(The data Opens)
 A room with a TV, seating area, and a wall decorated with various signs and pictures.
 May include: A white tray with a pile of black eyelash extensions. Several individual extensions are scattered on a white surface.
(The data Closes)
(The data Opens)
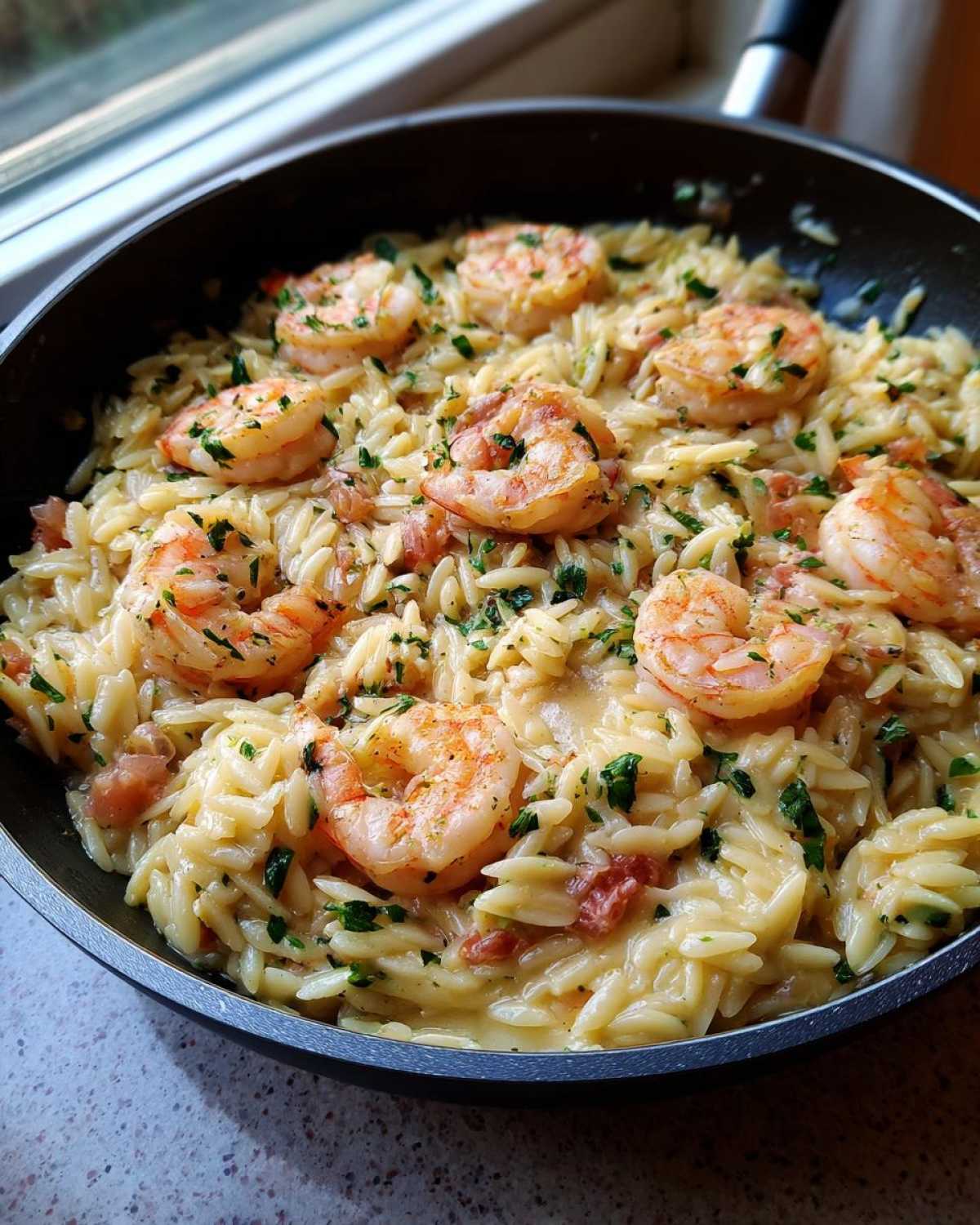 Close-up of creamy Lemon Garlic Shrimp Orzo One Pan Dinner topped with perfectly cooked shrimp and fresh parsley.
(The data Closes)
**Exercise description:**
Find the line with "A room with" in the entries above. Retype it and each line after it, exactly, through the line with "May include: A", and stop there.

**Task response:**
 A room with a TV, seating area, and a wall decorated with various signs and pictures.
 May include: A white tray with a pile of black eyelash extensions. Several individual extensions are scattered on a white surface.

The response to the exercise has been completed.